Example, Trainer, Optimizer
- The optimize package has been reworked to fit in better with the new way of storing weights. Now Example.accumulateExampleInto no longer gets passed a model. The Trainers also no longer need models, but just their weightsSets, which can be obtained from model.parameters if the model has Parameters. Hence previous calls to “BatchTrainer(model, new AdaGrad)” must be changed to “BatchTrainer(model.parameters, new AdaGrad)”
- The trainers have been renamed for clarity. We now have two parallel batch trainers: ParallelBatchTrainer, which locks the accumulator, and works better with examples which take a long time to compute (things which run inference, for example), and ThreadLocalBatchTrainer which keeps a thread-local gradient and works best for classifiers and other models with very fast “inference”. Likewise there are two online trainers: ParallelOnlineTrainer which uses read-write locks on the weights, and SynchronizedOptimizerOnlineTrainer, which locks the optimizer.

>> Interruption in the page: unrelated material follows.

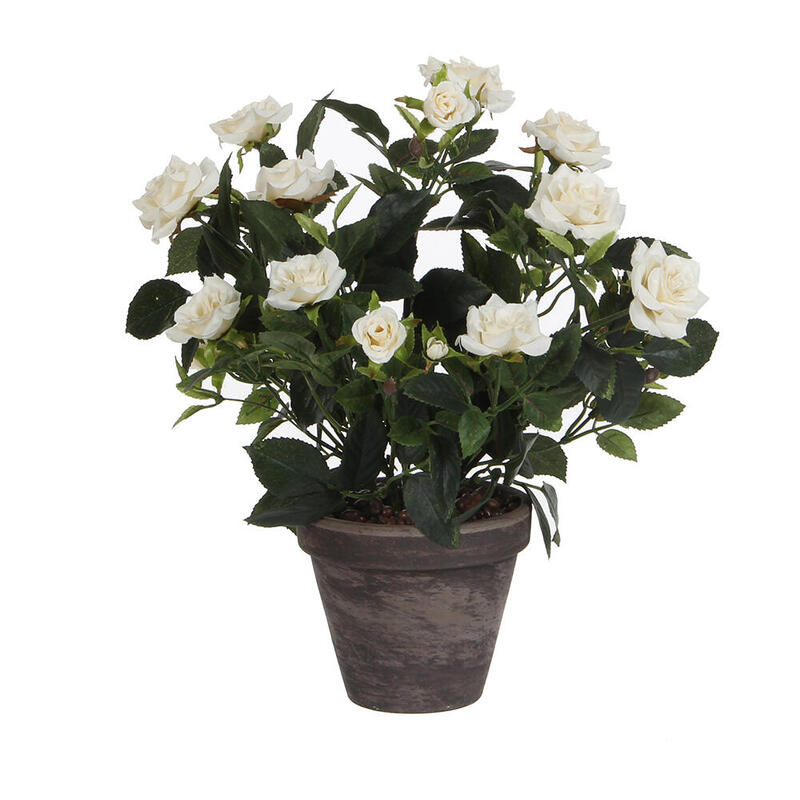Rosal Colour White Pvc With Plant Pot Grey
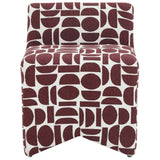 Pippa Stool, Merlot Geometric-Furniture - Chairs-High Fashion Home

- There are many changes to the optimizers as well. Now we have a specific type of optimizer called GradientStep, which all support things like MIRA, adaptive learning rates, and averaging. We also have optimizers which are not GradientSteps but support more interesting online optimization algorithms, such as the AdaGradRDA, which does l1/l2 regularized adagrad dual averaging, Pegasos, and L2RegularizedConstantRate, which do l2 regularization.
- SampleRankTrainer moved to cc.factorie.optimize.
- New framework for linear objective functions, along with Examples for multiclass/binary classification and multi/univariate regression.
NLP
- New DocumentAnnotator infrastructure; automatically invokes prerequisites.
- New DocumentAnnotators for tokenization, lemmatization, part-of-speech tagging, mention chunking, dependency parsing.
- Various label domains now constant, e.g., PTBPosDomain, ConllNerDomain. PosLabel removed and replaced by PTBPosLabel.
- Move Lexicon from app.chain to app.nlp and make more efficient for single word entries.
- New interface for querying WordNet data, including synsets and lemmatization.
- LoadOntonotes5 updated for correct format.
- New method Token.stringNormalized allows multiple string transformations to coexist.
- app.nlp.NLP is a new command-line socket-based server for processing text with a sequence of DocumentAnnotators.
- LoadPlainText no longer performs token or sentence segmentation, relying on a DocumentAnnotator to do that.
- New part-of-speech tagger app.nlp.POS3 is a fast feedforward tagger with good accuracy.
- Three new dependency parsers, all of which support the DocumentAnnotator API. DepParser1 is a simple proof-of-concept projective shift-reduce dependency parser. DepParser2 is a state-of-the-art non-projective shift-reduce dependency parser. GraphProjectiveParser is a first-order projective dependency parser.
Serialization
- Domains and models can be serialized and deserialized in an order-independent manner.
- Serialization support for many different types of tensors.
Linear algebra
- Tensor trait hierarchy refactoring: explicit trait SparseTensor, singleton tensors now implement the appropriate binary/indexed sparse tensor trait, added parent trait Outer2Tensor to share efficient operations for outer products.
- Performance improvements to sparse tensors.